*** Opening of Exercise materials ***

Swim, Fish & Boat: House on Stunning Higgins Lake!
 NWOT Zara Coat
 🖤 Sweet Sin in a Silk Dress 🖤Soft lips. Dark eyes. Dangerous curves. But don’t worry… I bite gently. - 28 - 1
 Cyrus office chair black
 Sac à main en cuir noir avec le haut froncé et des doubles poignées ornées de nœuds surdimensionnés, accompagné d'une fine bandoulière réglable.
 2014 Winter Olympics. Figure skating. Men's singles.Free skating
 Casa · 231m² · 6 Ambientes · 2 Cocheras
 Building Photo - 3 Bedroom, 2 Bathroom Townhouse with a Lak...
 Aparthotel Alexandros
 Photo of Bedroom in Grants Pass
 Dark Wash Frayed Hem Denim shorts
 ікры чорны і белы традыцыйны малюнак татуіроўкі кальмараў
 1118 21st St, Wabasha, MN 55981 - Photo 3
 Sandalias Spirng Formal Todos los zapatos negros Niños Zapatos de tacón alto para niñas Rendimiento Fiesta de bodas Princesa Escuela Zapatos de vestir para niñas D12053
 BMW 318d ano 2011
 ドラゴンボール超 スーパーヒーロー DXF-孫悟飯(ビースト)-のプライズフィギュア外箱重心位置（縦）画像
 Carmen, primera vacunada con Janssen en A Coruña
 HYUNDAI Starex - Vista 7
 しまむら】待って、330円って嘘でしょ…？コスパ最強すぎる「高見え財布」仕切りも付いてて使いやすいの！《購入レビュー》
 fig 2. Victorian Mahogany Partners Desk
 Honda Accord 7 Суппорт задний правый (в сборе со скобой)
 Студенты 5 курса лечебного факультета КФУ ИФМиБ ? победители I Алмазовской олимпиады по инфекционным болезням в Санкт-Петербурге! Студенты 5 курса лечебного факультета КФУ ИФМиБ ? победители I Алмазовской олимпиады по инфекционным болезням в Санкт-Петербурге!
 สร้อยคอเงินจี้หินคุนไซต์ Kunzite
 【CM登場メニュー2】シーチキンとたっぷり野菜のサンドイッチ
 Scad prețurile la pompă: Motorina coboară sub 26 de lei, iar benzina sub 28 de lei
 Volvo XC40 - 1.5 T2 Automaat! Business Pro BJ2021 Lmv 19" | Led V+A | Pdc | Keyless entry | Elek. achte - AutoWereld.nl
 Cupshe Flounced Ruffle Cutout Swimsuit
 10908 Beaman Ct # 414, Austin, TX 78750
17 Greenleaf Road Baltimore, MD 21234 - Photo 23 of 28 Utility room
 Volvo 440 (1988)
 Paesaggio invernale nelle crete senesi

*** Close of Exercise materials ***

* Work request *
Each line in the data that holds the string "Bedroom" should be found and copied.

* Response box *
 Building Photo - 3 Bedroom, 2 Bathroom Townhouse with a Lak...
 Photo of Bedroom in Grants Pass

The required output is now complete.